# Week 5 Lab Assignment: Advanced Predictive Models

### Objective
In this lab, you will implement and evaluate advanced predictive models using Python. You will practice fitting and comparing models like Random Forest, Gradient Boosting, and Support Vector Machines (SVM).

### 1. Dataset Overview
You will work with a dataset related to customer transactions or behavior.

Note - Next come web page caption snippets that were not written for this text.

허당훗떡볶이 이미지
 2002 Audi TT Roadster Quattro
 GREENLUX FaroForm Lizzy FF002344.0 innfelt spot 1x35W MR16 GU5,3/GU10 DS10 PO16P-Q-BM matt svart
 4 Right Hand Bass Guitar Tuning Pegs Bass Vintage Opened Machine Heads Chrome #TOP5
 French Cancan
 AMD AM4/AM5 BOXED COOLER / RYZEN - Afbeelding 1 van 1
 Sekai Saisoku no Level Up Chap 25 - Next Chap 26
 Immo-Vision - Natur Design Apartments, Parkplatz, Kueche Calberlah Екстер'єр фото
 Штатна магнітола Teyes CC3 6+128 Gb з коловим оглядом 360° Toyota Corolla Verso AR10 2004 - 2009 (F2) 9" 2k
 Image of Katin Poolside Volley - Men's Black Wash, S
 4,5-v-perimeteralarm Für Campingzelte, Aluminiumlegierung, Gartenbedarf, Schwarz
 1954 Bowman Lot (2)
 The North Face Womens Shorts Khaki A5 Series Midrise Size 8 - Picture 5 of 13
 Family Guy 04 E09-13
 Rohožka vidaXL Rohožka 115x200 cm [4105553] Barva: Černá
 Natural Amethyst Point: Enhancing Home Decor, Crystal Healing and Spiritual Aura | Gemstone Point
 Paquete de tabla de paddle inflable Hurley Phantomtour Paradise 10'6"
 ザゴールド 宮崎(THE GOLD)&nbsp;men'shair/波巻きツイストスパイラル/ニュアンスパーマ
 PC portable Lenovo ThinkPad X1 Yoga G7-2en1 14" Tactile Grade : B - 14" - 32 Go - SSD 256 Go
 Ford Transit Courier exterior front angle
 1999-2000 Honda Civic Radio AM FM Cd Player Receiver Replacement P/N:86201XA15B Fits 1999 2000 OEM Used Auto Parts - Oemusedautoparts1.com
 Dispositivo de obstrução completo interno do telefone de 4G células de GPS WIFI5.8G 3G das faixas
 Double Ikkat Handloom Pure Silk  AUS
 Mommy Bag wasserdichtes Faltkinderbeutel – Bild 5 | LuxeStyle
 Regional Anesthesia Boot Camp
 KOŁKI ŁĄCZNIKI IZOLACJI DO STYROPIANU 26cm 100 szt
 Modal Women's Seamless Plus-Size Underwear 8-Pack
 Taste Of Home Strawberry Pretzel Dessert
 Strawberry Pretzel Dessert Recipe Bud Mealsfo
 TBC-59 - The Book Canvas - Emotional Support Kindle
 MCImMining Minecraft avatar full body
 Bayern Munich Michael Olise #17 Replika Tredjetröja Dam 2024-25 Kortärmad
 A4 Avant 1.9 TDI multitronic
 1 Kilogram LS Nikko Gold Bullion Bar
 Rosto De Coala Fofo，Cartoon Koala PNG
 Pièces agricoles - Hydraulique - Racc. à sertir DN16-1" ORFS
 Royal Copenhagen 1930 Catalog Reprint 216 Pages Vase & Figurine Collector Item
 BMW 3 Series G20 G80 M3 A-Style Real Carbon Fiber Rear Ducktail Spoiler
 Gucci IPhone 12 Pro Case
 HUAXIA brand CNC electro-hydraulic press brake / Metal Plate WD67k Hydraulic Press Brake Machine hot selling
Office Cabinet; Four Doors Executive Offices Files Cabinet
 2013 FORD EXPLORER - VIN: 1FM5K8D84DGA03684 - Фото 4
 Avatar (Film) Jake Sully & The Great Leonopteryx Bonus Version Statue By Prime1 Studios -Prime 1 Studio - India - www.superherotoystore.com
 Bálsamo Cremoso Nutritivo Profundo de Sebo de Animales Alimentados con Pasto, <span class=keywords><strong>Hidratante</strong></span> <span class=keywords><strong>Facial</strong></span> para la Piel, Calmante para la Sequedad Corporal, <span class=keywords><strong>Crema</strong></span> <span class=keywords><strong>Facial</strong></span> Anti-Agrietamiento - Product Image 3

The dataset contains multiple features that will be used to predict a target variable.

**Dataset Name:** `customer_transactions.csv`

**Attributes:**
- `Feature1`: A numerical feature.
- `Feature2`: A numerical feature.
- `Feature3`: A categorical feature (converted to numerical).
- `Target`: The outcome variable we want to predict (binary classification).

### 2. Load and Explore Dataset
**Objective:** Gain a preliminary understanding of the dataset.

**Tasks:**
1. **Load the Dataset:** Import the dataset into a Pandas DataFrame.
2. **Inspect the Data:** Use Pandas functions to inspect the first few rows, check for missing values, and understand the data types.
3. **Summary Statistics:** Generate summary statistics for numerical columns.

In [1]:
# Import necessary packages
%pip install pandas
%pip install matplotlib
%pip install scikit-learn
import pandas as pd
import matplotlib.pyplot as plt
from sklearn.model_selection import train_test_split
from sklearn.ensemble import RandomForestClassifier, GradientBoostingClassifier
from sklearn.svm import SVC
from sklearn.metrics import accuracy_score, roc_auc_score, classification_report
%matplotlib inline

Defaulting to user installation because normal site-packages is not writeable
Note: you may need to restart the kernel to use updated packages.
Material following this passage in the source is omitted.